Semakin hari semakin merambah tempat berkeseniannya. Di mulai dari acara-acara perkawinan, pemerintahan, dan hari-hari besar kini turun ke jalan. Ngamen istilahnya. Ke rumah makan dan ke restoran-restoran. Sebuah kemajuan atau kemunduran?
Dan pada perkembangannya, musik panting ini pun tidak hanya ditampilkan di acara-acara tertentu saja. Malah ada fenomena menarik, karena beberapa grup musik panting ada yang membawakannya di berbagai tempat, layaknya pengamen pada umumnya.
Tempat mangkal di Banjarmasin, musik panting biasanya terjadwal contohnya musik panting Saraba Langgam yang di Siring Jalan Piere Tendean, tepatnya di dekat Pasar Terapung. Musik panting tampi jugal di beberapa rumah makan di Banjarmasin seperti di Warung Jukung Julak dan juga Soto Bang Amat yang ada di daerah Banua Anyar, Kalimantan Selatan.
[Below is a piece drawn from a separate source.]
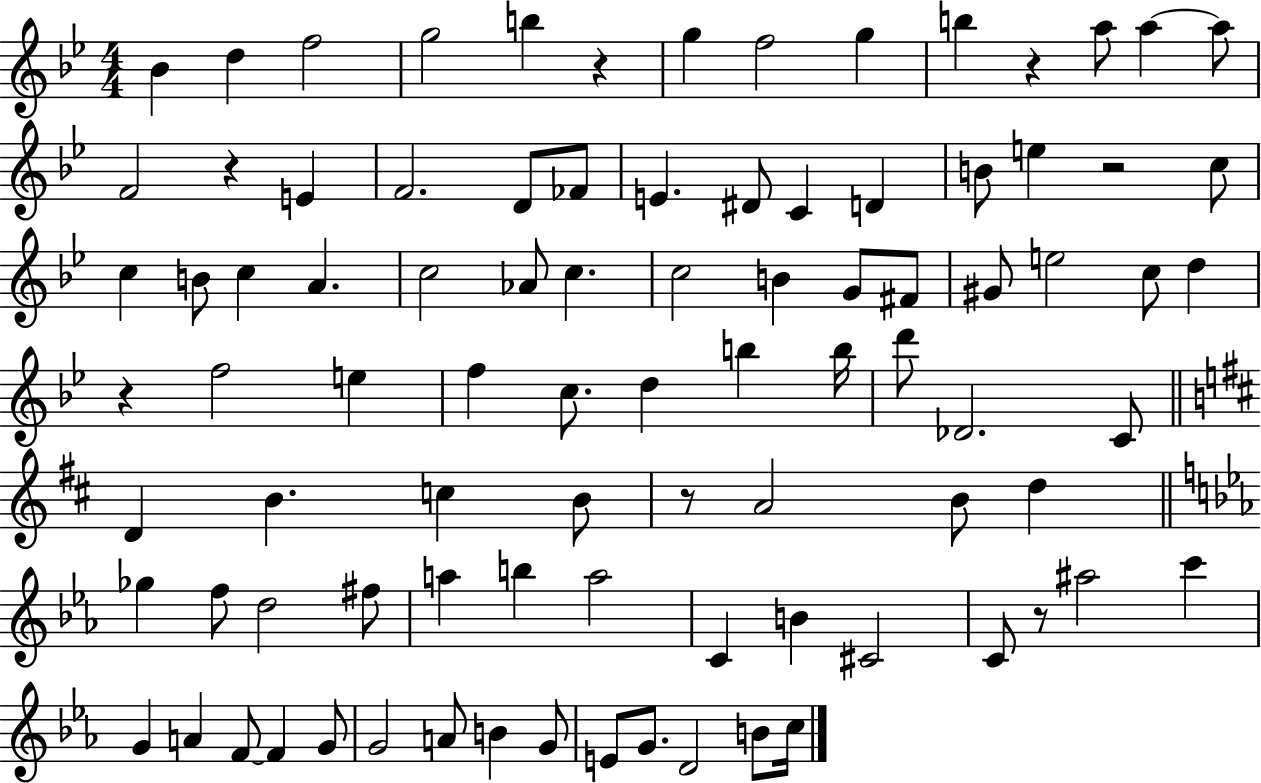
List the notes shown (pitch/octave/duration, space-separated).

Bergesernya nilai pada masyarakat kita sekarang ini, yang mulanya dipelopori oleh penggiat seni, terutama artis yang ngamen. Menjadikan ngamen menjadi sesuatu yang biasa saja. Apalagi jika ngamen bertujuan untuk menggalang dana bagi bantuan korban bencana.
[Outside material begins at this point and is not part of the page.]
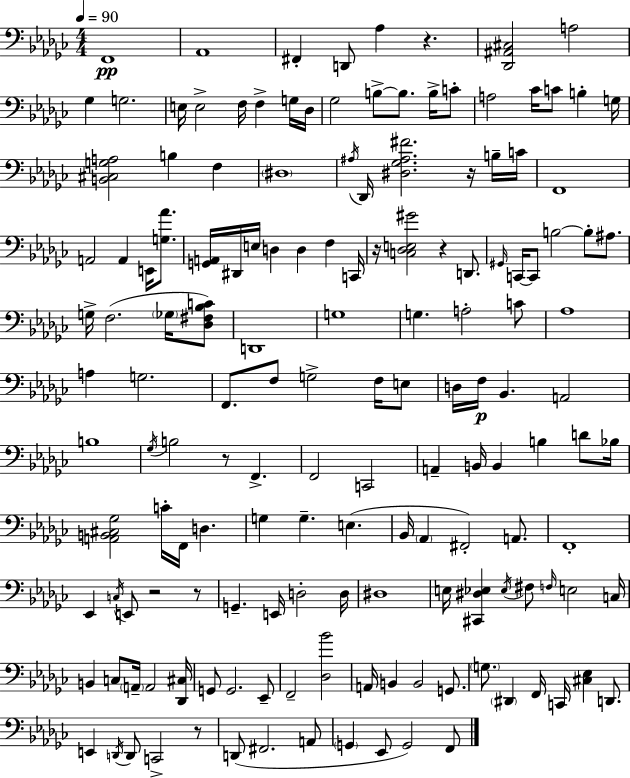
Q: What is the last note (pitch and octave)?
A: F2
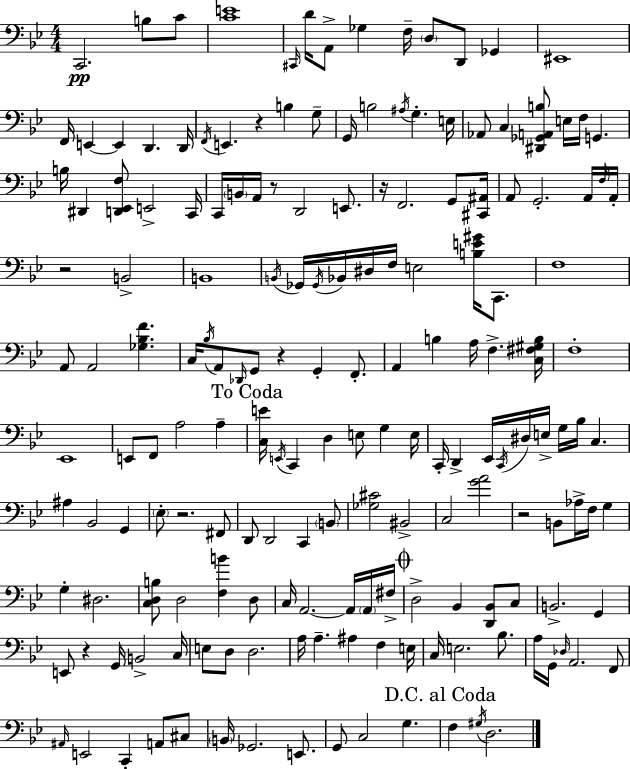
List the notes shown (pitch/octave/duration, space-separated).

Apa yang dipertunjukkan masih dapat dinikmati.Saya beberapa kali mengalami bertemu pengamen di rumah makan. Kebetulan menunggu teman, jadi agak lama bertahan di rumah makan tersebut. Saya perhatikan dua pengamen membawa gitar dan satunya menyanyi. Selama sekitar satu jam saya duduk di rumah makan itu sungguh tak terhitung berapa kali dia mampir dan menyanyi.
Dengan lagu sumbang yang sama, dinyanyikan separo saja kemudian penyanyi tadi berkeliling mengedarkan kresek bekas bungkus kacang. "Permisi, permisi, permisi." Jelas saya tak lagi memberi uang buat pengamen itu. Ya masak setiap kali dia datang saya selalu memberi uang sih, pikir saya.
Setelah mereka pergi, saya coba tanya ke pemilik warung makan tersebut. "Memangnya setiap hari ya mereka ada di sini?"
Nah, ternyata selama ini pemilik warung tersebut memendam rasa marah yang begitu besar. Sampai-sampai dia berkomentar, "Sepertinya banyak yang ngamen itu dapat duitnya daripada saya."
Banyangkan saja, katanya. Sehari lebih dari seratus kali pengamen itu mondar mandir di warungnya. Semenjak ada pengamen itu, warungnya semakin hari semakin sepi. Para pelanggan merasa terganggu, karena baru saja mau menyuap nasi. Sudah saja mereka datang. Siapa yang tahan.